Helium, the crypto-powered wireless network, will officially move from its own blockchain to following a community vote on a proposal. Ultimately, over 81% of the token-based votes went in favor of the migration.
And it could happen quickly. The Helium Foundation announced a Q4 launch for the transition, and in an interview at the Helium House event in New York City on Tuesday, network co-founder and Nova Labs CEO Amir Haleem told Decrypt that he’s “optimistic” about hitting that target.
According to Haleem, the Nova Labs team—which represents the founders of and core contributors to the decentralized Helium network—has already been working on the off-chain oracles to enable the new Solana-driven design. He described the on-chain work ahead, including minting and redemption of tokens, as being “quite a lot easier” by comparison.
It’s another major move for the Helium network. Helium started with a decentralized wireless network for internet-of-things (IoT) devices like sensors and trackers, rewarding users with tokens for running nodes and sharing their connectivity. Now that network is closing in on a million active nodes following rapid growth since the start of 2021.
Helium now aims to do the same with a 5G network for smartphones, which now has 4,500 active nodes—and Nova Labs just announced Helium Mobile, an upcoming phone service that uses both the Helium 5G network and T-Mobile’s nationwide 5G network.
But to scale those networks and accommodate other wireless protocols in the future, Haleem said that the infrastructure needed to change.
When Helium started building the network back in 2017, he said that even then the developers didn’t believe that Ethereum—with its limited transaction throughput and sometimes surging fees—could handle a distributed wireless network at scale. Other options were limited at the time, so the founders built their own layer-1 blockchain network.
But that’s caused issues too. Haleem said that everything is “very deeply intertwined” in the current model, including Helium’s proof-of-coverage and data transfer elements, and that trying to fix or change one thing can have unintended consequences with other network pieces.
“Everything is just like a big, monolithic block,” Haleem told Decrypt. “Iterating quickly was hard. Everything you touch… it was a massive, Jenga-like tower, basically. You move one block and the thing starts wobbling, and we've had downtime and outages.”

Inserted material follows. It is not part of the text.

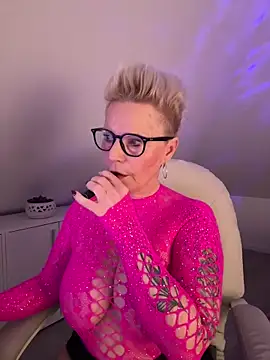 German Milf online show from 5, 2, 2026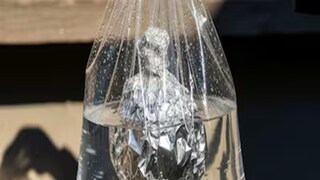 কেন বারান্দায় উঠে আসছে অ্যালুমিনিয়াম ফয়েল?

Helium’s LoRaWAN (IoT) network coverage is widespread now, but Haleem said that it needs a more reliable backbone to be appealing to certain types of companies and customers that could utilize that coverage for their products. “The reliability of [network data] packets needs to be basically perfect, right?” he said. “Like, 98% isn't good enough, 99% isn't good enough.”
In other words, at least in view of Haleem and Nova Labs, the move is less about Solana and more about scaling and expanding the Helium ecosystem. Other layer-1 blockchain networks could have been viable as well. But there are reasons why Helium’s core developers picked Solana after months of consideration.

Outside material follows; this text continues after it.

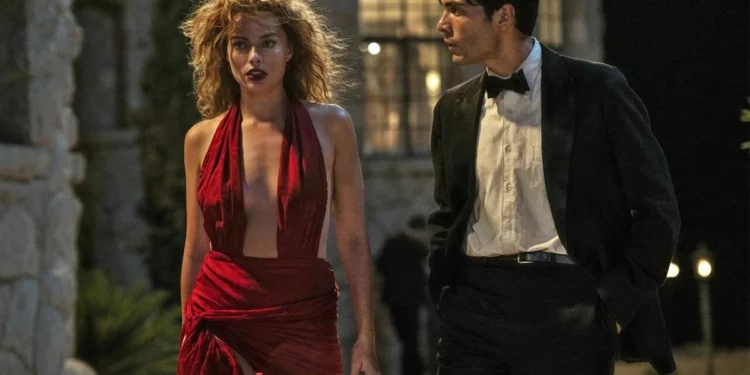 5 filmova o starom Holivudu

One is speed, as Solana can handle thousands of transactions per second at peak: “You can do stuff and it happens instantaneously,” Haleem said. He likened the performance to that of a Web2 app, which is ideal given what he claims are a lot of Helium users that aren’t crypto die-hards.
Solana has dealt with its own stability issues as well, including periods of downtime—as recently as June—which some Helium supporters were quick to note when the proposal launched. However, following recent network upgrades, Solana has appeared more stable than ever. Haleem said that Solana developers are “maniacally focused on that problem,” and he’s confident that stability issues won’t persist.
There’s also a more technical reason why Helium’s core team chose Solana: current Helium wallet private keys are compatible with Solana, Haleem said, which isn’t the case with some other blockchains. That should ease the transition for users, so that tokens can “magically” move over to Solana without any “affirmative action” required for current holders,” he added.
More broadly, Helium’s developers wanted to embrace a more mature blockchain network to tap into the wider crypto ecosystem, enabling access to additional wallets, DeFi protocols, and various decentralized apps and marketplaces. Users will be able to bring their Solana-based HNT tokens elsewhere with ease, in other words, and explore more of the crypto world.
Joining the existing Solana space means that Helium’s developers can just focus on the wireless network, rather than needing to build out an entire ecosystem around it.
“To me, that’s the biggest win,” Haleem said. “That’s really the story here.”